Hogwarts High School telah dipadati oleh murid-murid yang hendak menuntut ilmu. Setelah kita mengamati keadaan di depan ruang PKS kesiswaan, mari kita beralih kepada pintu gerbang sekolah yang bercat hijau tua dengan pemandangan seonggok satpam tua bernama Flinch yang sedang berjaga di pos miliknya. Kalau-kalau ada murid yang bolos. Dan, lihat sedikit ke sebelah kanannya. Iya, tepat disana.
Di pinggir jalan depan sekolah terhampir Suzuki Swift hitam yang melambat. Pintu mobilnya terbuka dan menampakkan pemandangan sebelah kaki yang dihiasi kaos kaki bertuliskan Hogwarts High School dan sepatu bola maskulin hitam kelam. Untuk sementara waktu seakan terhenti. Ya, mungkin itulah yang bisa mengungkapkannya. Ketika seorang pemuda keluar dan menampakkan seluruh tubuhnya yang atletis yang dibalut kemeja putih yang dua buah kancing paling atas sengaja ia buka. Menambah kesan seksi. Ia mengibaskan rambut coklatnya perlahan membuat beberapa gadis yang baru saja memasuki gerang sekolah segera pingsan dengan tidak hormat.
Cedric Diggory. Putra semata wayang dari jutawan Amos Diggory. Kesempurnaan hidup dan wajahnya ternyata terasa masih hambar bagi pemuda itu. Walaupun banyak wanita yang rela mati demi dia, banyak wanita yang menggilainya, bahkan fans clubnya tersebar di seluruh penjuru Hogwarts High School, namun pemuda itu tetap dingin pada semua gadis. Ia selalu mengabaikan para fansnya. Merawat kejombloannya. Itu semua ia lakukan tak lain karena telah ada sebuah hati yang membuatnya tertaut, Ginny Potter.

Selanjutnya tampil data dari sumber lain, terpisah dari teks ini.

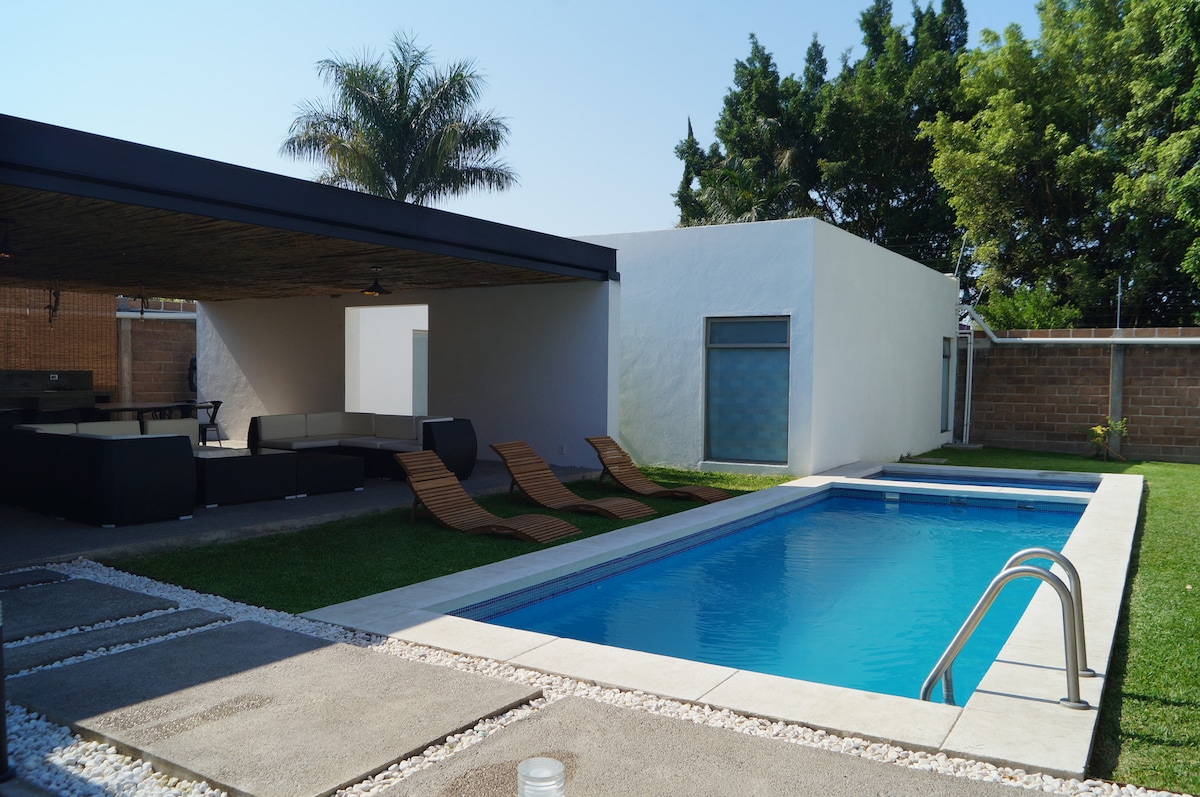 A modern pool area features a clear blue swimming pool surrounded by a well-maintained lawn. Two lounge chairs are positioned nearby, providing relaxation space. The shaded seating area offers a comfortable spot for outdoor gatherings, with a backdrop of lush greenery and a clean, minimalist facade.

Ginny Potter. Seorang gadis luar biasa manis. Adik dari Harry Potter. pemuda yang sangat garang dan galak pada siapapun yang mendekati adiknya. Satu langkah mendekati Ginny. Satu memar menghiasi pipi. Hal itulah yang membuat Cedric selalu takut untuk mendekati Ginny. Karena setiap kali melihat wajah Harry, Cedric selalu gemetaran dan berkeringat dingin. Dan konyolnya lagi, sikap Cedric yang seperti itu di depan Harry malah menyeruakkan sebuah gosip bahwa Cedric yang selama ini selalu dingin pada semua gadis adalah seorang guy, dan pria yang disukainya adalah Harry. Benar-benar gosip murahan.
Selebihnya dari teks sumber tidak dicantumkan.